Sold for £670,000: the first view of England's geography
Friday, 16 March 2007
A rare copy of the first printed atlas of England and Wales sold for £669,600 at auction yesterday.
The atlas was completed in 1579 - but printing was delayed until 1590 to prevent the Spanish getting information about the English coastline. It is a landmark in Elizabethan cartography, mapping England and Wales in their entirety for the first time. It was created by a surveyor called Christopher Saxton, who was born in Dunningley, West Yorkshire.
The atlas is bound with a rare set of five maps by the Italian cartographer, Giovanni Battista Boazio. They illustrate Sir Francis Drake's expedition to the West Indies and America between 1585 and 1586, and include a view of St Augustine, in Florida, which is the earliest printed plan of any city in the US.

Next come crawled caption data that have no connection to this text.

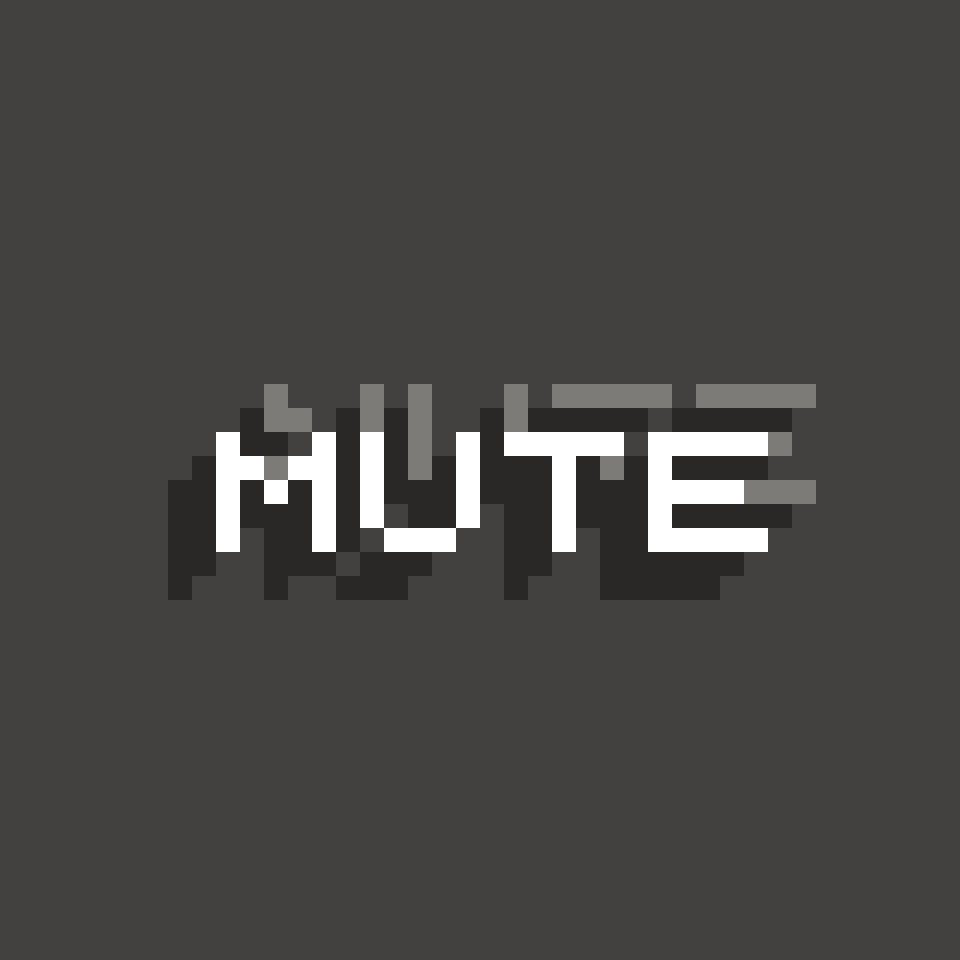 mute#438 latest NFT Item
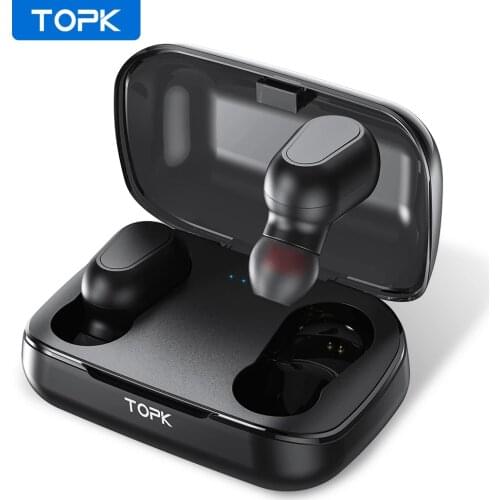 Портативная аудио техника TOPK China At AliExpress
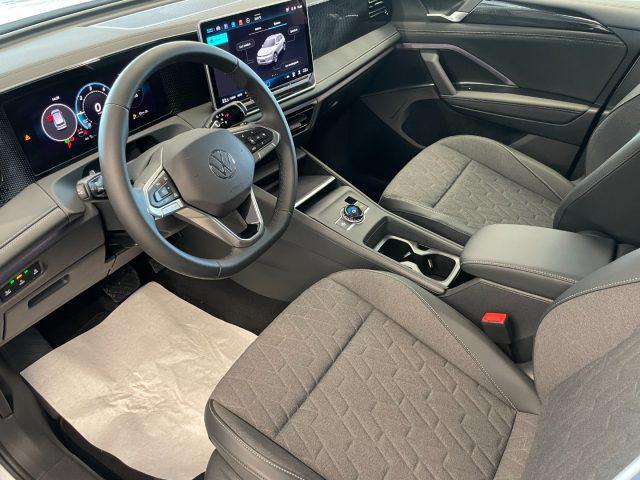 VOLKSWAGEN Tiguan 2.0 TDI 150 CV DSG Edition Plus KM0 MY26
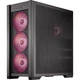 Корпус ASUS TUF Gaming GT302 ARGB Black (90DC00I0-B19000) - зображення 5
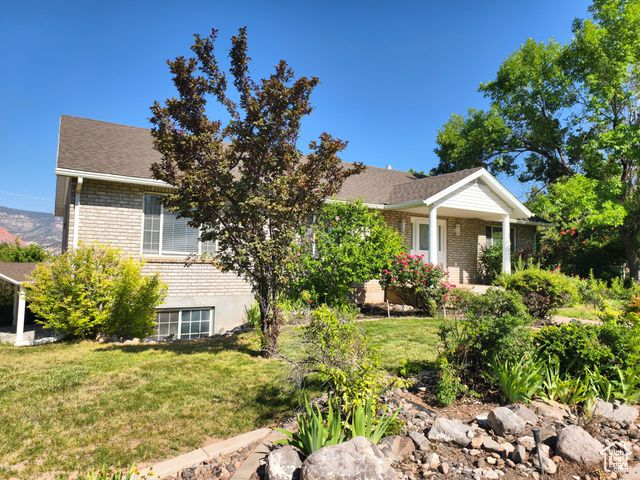 411 S RIDGE RD, Cedar City, UT 84720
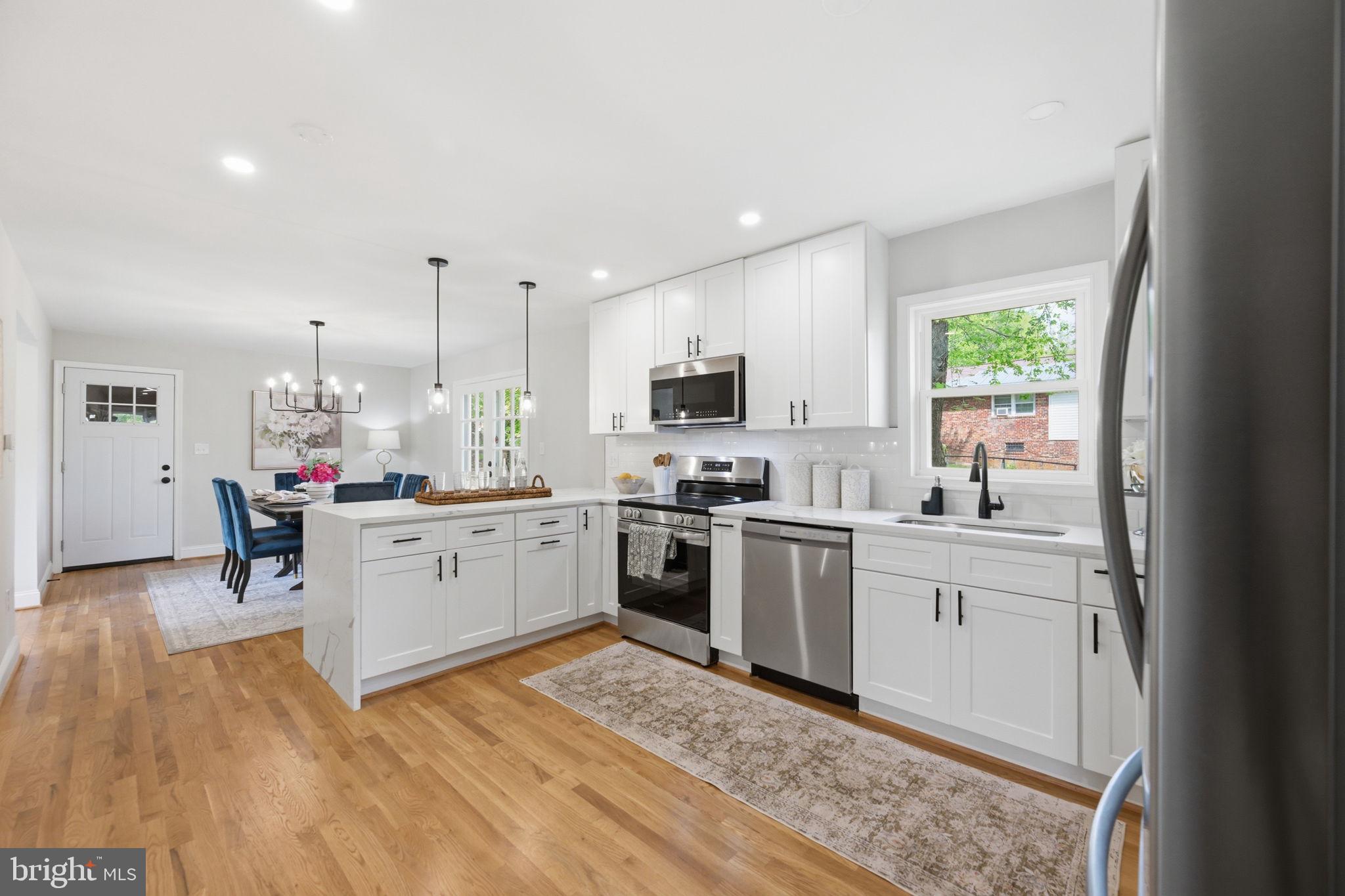 KETTERING - Residential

The auction at Sotheby's was part of the sale of the library of the Earls of Macclesfield. The identity of the purchaser of the Elizabethan atlas was not revealed by the auction house yesterday.
Sotheby's travel book and map expert, Richard Fattorini, said the map was remarkably accurate: "Saxton used trigonometry to calculate the distances between two sites. He had lots of people helping him.
"Queen Elizabeth I gave him a document he could show to any nobleman or gentleman to say she commanded them to help him."
Although none of Saxton's notes survive to tell exactly how he created the maps, it is believed he often relied on locals to take him to a vantage point, from where they pointed out towns and villages.
Mr Fattorini said: "It was an amazing achievement in six years to produce all this."
Some areas of the atlas are not so accurate, Mr Fattorini said: "Cornwall is slightly crooked, but he tweaked it to fit it on the page. We are not sure if he got it wrong or if he just... tweaked it and thought no one else would know."
The atlas was bought by an anonymous telephone bidder. The price was the highest ever paid for a volume of Saxton's first printed Atlas of England and Wales, which was the first atlas of any country to map individual counties.
The last copy of the Saxton Atlas of England and Wales which was bound with a set of Boazio charts was auctioned for £1,100 by Christie's London more than 50 years ago.
It was the ninth sale which Sotheby's has held from the library of the Earls of Macclesfield and raised the largest total - £3.9m. The total from the nine sales is £20.3m, making it the most valuable library that Sotheby's London book department has ever sold.